Public sector leaders point out areas to focus on to bring an innovative mindset to their organizations. This starts with allocating 10-15% of the budget to advanced services to make the organization run more efficiently, provide services that create expanded tax revenue, and improve community standards and participation. Innovation examples include technology strategies and capabilities widely available to every organization, including:
- The low code/no code approach to visual software development provides easier access to simple code for both internal and external developers to co-create and extend agency applications and processes.
- An agile software development approach to streamline and accelerate the ability to deliver higher quality systems and applications, which saves taxpayer money and extends budgets.
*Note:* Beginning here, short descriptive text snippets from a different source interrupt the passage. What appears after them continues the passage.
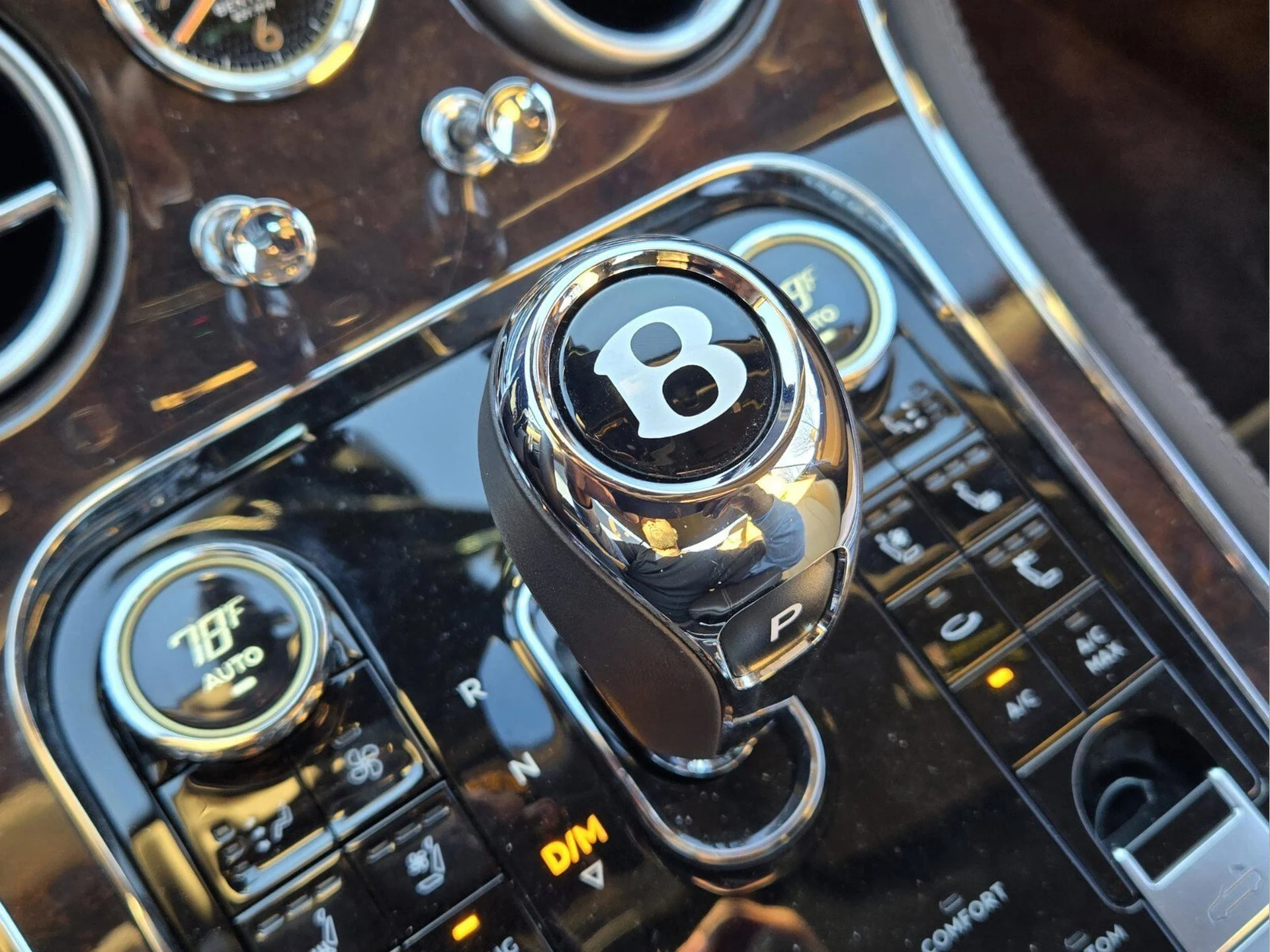 mph048_2310623254_65d6a4b4407dc691953f0c446c7cfe82x_28ceff2f31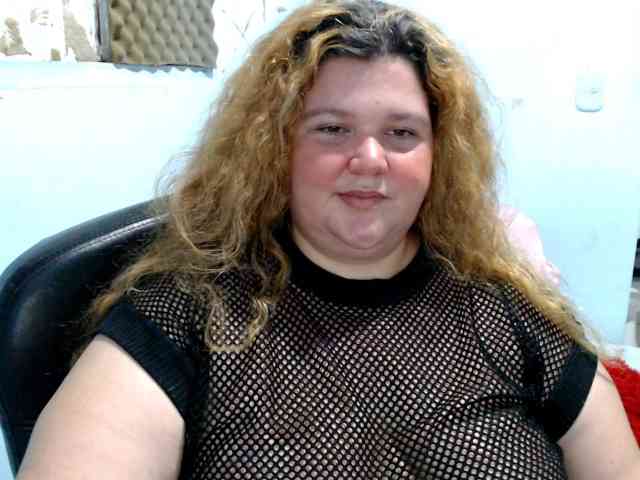 squirtbbw webcam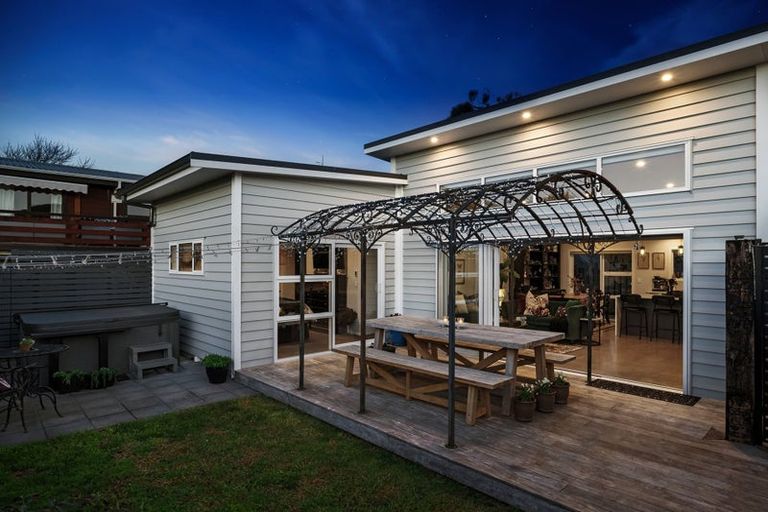 Photo of property in 15b Winton Street, Paraparaumu Beach, Paraparaumu, 5032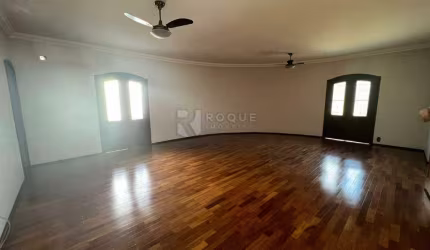 Casa Residencial à venda no bairro Centro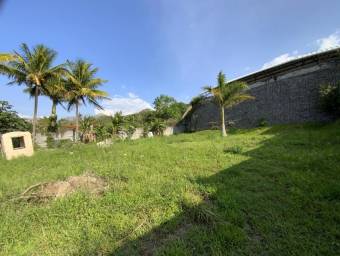 Venta de Lote en Río Oro-Santa Ana. RAH 27-420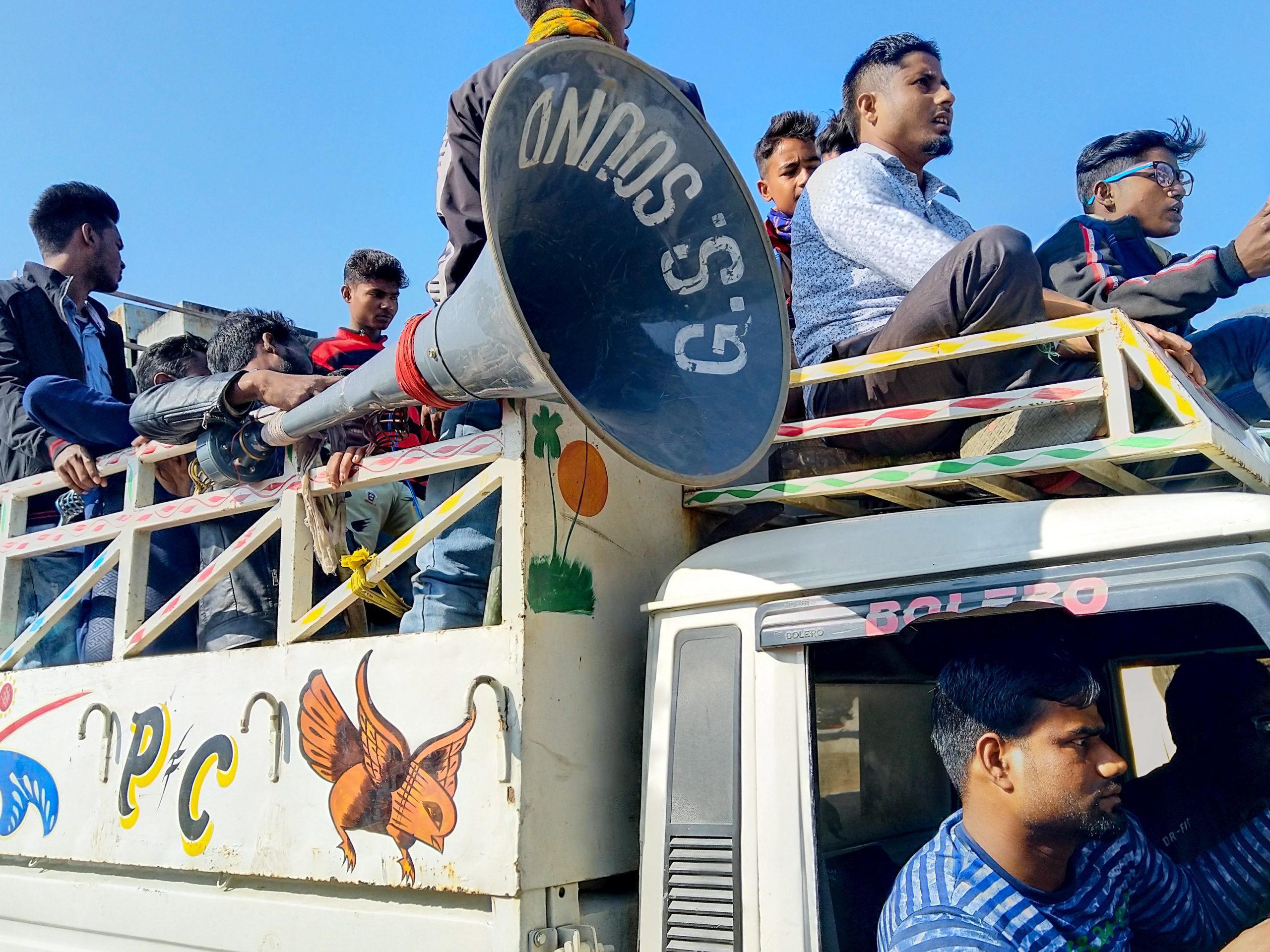 Such trucks loaded with picnic-going gangs and obnoxious sonic weapons drove on to the banks of river at Bharabkunda.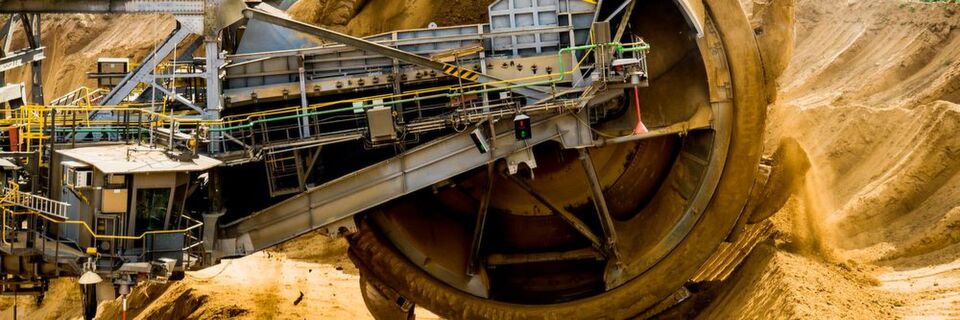 Industrie 4.0 findet nicht nur in sauberen Hallen statt. Digitaltechnik muss auch zwischen Untertags und Hochsee funktionieren. Industrie 4.0 findet nicht nur in sauberen Hallen statt. Digitaltechnik muss auch zwischen Untertags und Hochsee funktionieren.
- Public sector industry clouds to both capitalize on cloud vendors’ resources and securely store, manage, and access government services and assets.
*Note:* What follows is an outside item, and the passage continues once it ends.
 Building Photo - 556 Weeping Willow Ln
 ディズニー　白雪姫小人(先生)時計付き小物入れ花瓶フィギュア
Make Talent Development and Employee Empowerment Job One
Today, talented employees have choices no matter what type of organization they work for. According to a survey by Deloitte in partnership with the Best Places to Work organization, public sector employees are much less satisfied than private sector employees. The top reasons cited by government agency employees were:
- Recognition for quality of work
- Lack of innovation for their work
- Financial rewards
That last reason is the one most cited by public sector leaders regarding challenges with attracting talent. Despite structural government constraints on the financial side, the public sector doesn’t only lead to dissatisfied employees. The survey findings suggest some solutions, too. The first two cited reasons — recognition and innovation — are immediate opportunities to improve employee satisfaction, engagement, and, most importantly, impact. Outlined below are immediate ways to accelerate impact through employee empowerment.
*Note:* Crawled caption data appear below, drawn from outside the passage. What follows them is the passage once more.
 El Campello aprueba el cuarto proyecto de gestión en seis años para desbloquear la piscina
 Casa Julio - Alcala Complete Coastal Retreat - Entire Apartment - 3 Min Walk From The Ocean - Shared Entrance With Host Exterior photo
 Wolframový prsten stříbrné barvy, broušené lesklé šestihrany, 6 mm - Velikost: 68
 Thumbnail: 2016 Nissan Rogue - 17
- Move beyond your standard government “employee of the month.” Instead, focus on coaching and training leaders on how to develop and deliver ongoing employee recognition and feedback processes, as well as a culture that highlights high-impact employees and outcomes.
- Partner your best employees and teams with local businesses or approved agency vendors to develop and deploy breakthrough initiatives in your communities. This type of knowledge transfer and co-creation sets new standards and capabilities within your government agency.
- Today, employees are seeking out organizations that align with their values and beliefs. Identify and recruit talent that aligns with the government agency’s purpose and mission to serve, protect, and empower communities and citizens.
Diversity and Inclusion That Elevates and Reflects the Citizens You Serve
Diversity and inclusion are a top priority of boards of directors, CXO leaders, and investors. While the business world is trying to move quickly to adopt diversity policies and create inclusive cultures, these attributes are required in the public sector. Public agencies hire and train employees from all backgrounds. This taps into an often-underserved talent pool while reflecting the diversity and makeup of the communities and citizens that government agencies serve. It’s up to public sector leaders to turn this opportunity into an advantage that aligns with both employee and community values.
When public sector execs look at what’s possible in the private sector versus their world, they are often discouraged. The hurdles — imagined or real — look insurmountable. Laws, policies, changing leadership teams, and fiscal constraints are just a few barriers cited by government executives. With the world and customer expectations changing rapidly, now is the time for public sector leaders to capitalize on the growing list of business, technology, and societal transformations happening in front of them.